Marshall, la cui famiglia era di origine italiana (il cognome originario del padre era infatti Masciarelli), era nato a New York nel 1934. La sua carriera inizia in televisione creando delle serie televisive destinate a entrare nella storia come Happy Days (che ha lanciato nell’Olimpo hollywoodiano Henry Winkler e il futuro regista Ron Howard) e lo spin-off di essa Mork & Mindy che ha contribuito a far conoscere a livello internazionale il talento istrionico di Robin Williams.
Il suo esordio al cinema avviene nel 982 con la commedia L’ospedale più pazzo del mondo che ottiene un discreto successo. Il successo planetario avviene però nel 1990 quando dirige Richard Gere e Julia Roberts in Pretty Woman, sorta di rivisitazione della fiaba di Cenerentola. La storia del miliardario che s’innamora di una prostituta fa breccia nel cuore di milioni di spettatori e fa sfracelli nei botteghini di tutto il mondo.
L’anno successivo dirige i divi Al Pacino e Michelle Pfeiffer in Paura d’amare, storia di un cuoco che s’innamora seduta stante di una cameriera la quale ha paura di una relazione impegnativa. Il 1999 vede nuovamente la collaborazione tra Marshall e i divi Gere/Roberts per la commedia Se scappi ti sposo, ma questa volta il successo è ben lontano rispetto al film del 1990.

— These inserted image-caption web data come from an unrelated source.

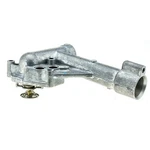 Motorad 639-180 Integrated Housing Thermostat Degrees W/ Gasket. Fixed Price $96.03.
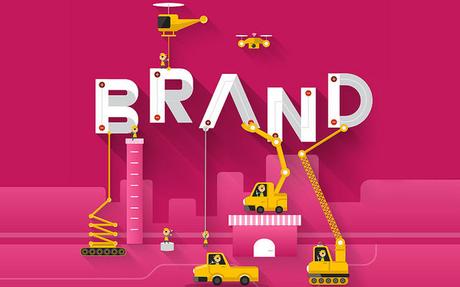 Creating Your Own Brand Image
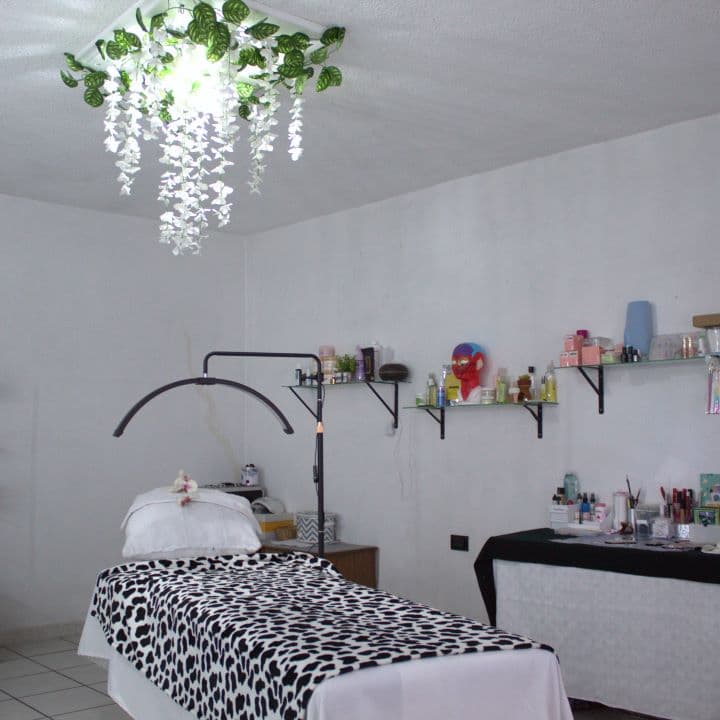 Haku Spa San Miguel Xoxtla photo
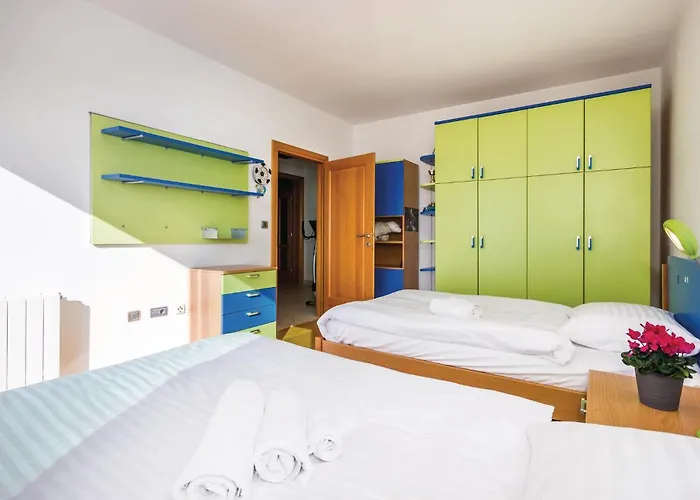 Casa vacanze Gorgeous In With Kitchen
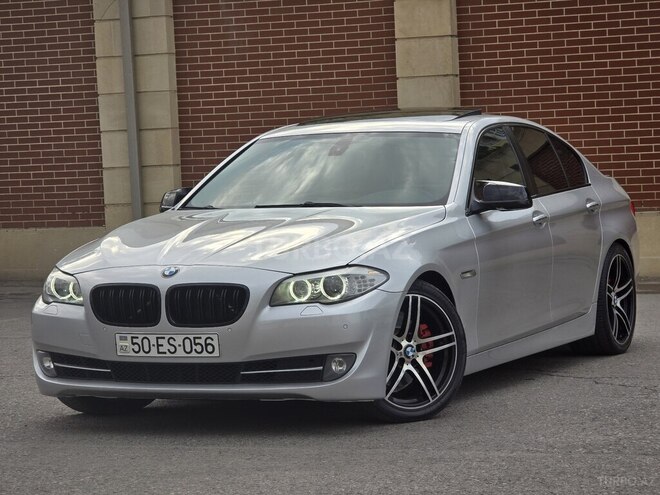 BMW 528 2011, 246,000 km - 2.0 l - Xırdalan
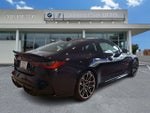 2023 BMW M4 Competition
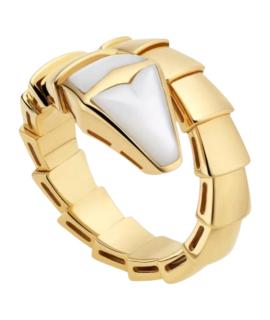 BVLGARI Кольцо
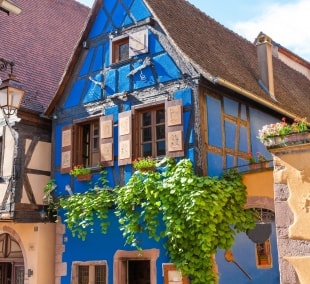 Riquewihr colmar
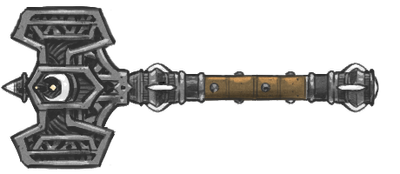 reward item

Nel 2001 dirige una giovane Anne Hathaway in Pretty Princess, a cui farà seguito tre anni dopo Principe azzurro cercasi: due fiabe semplici semplici destinate soprattutto a un pubblico adolescenziale prevalentemente femminile che, anche grazie alla partecipazione di Julie Andrews, ottengono un discreto riscontro di pubblico.

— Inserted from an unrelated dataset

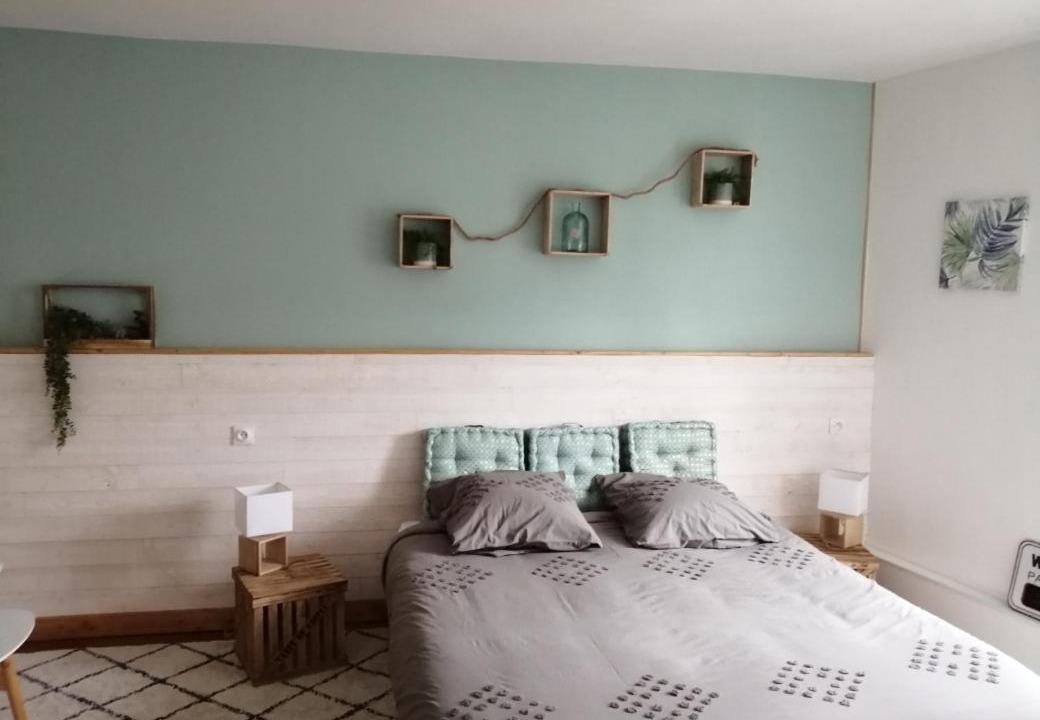 Photo of Bedroom in Pontlevoy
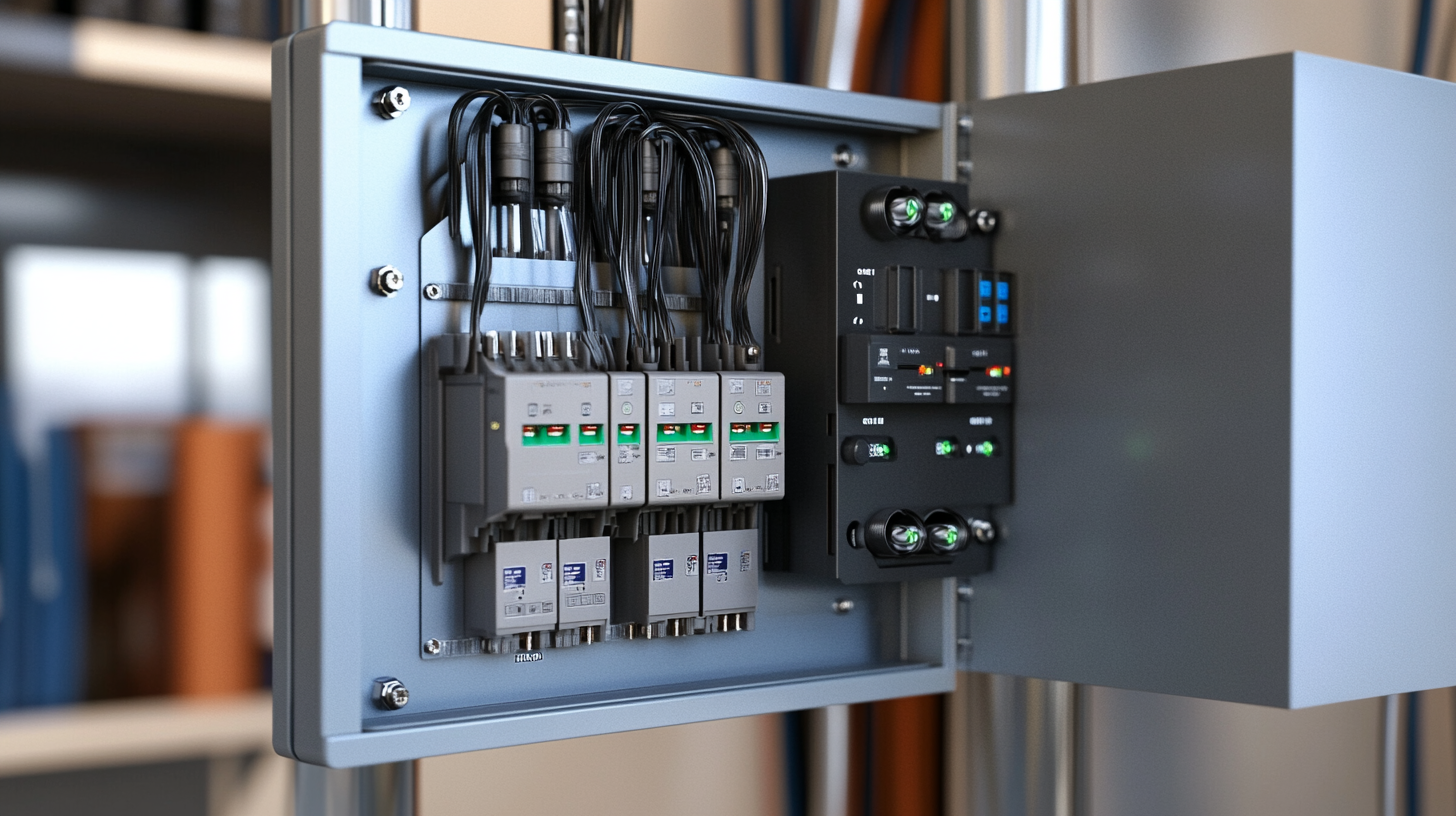 Exploring the Advantages of Utilizing Soft Starters in Your Operations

Negli ultimi anni, Marshall ha puntato su commedie romantiche corali, caratterizzate da un variegato cast ricco di grandi nomi; Appuntamento con l’amore (2010), Capodanno a New York (2011) e l’ultimo Mother’s Day fanno parte di un’ideale trilogia dedicata alle feste in cui s’intrecciano storie e personaggi: il pubblico accoglie tiepidamente questi film mentre la critica li boccia senza possibilità di appello.

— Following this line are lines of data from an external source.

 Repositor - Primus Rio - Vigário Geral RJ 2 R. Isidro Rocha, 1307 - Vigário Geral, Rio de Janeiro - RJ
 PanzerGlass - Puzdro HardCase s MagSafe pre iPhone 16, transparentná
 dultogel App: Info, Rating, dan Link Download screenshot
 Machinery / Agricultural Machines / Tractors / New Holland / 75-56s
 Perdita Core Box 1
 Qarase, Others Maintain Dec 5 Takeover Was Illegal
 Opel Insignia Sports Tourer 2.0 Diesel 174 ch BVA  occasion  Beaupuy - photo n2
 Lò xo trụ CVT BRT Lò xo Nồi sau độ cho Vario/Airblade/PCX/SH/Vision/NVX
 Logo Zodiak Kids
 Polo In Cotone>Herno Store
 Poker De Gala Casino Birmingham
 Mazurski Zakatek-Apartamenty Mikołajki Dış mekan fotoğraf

A Marshall va dato il merito di aver fatto un cinema semplice, pulito, destinato a far trascorrere allo spettatore due ore di svago; ma gli va anche riconosciuto il merito di aver lanciato la carriera di molti attori (quella della Roberts e di Williams in primis) i quali devono un sentito ringraziamento a questo regista, sempre attento a ciò che il pubblico voleva.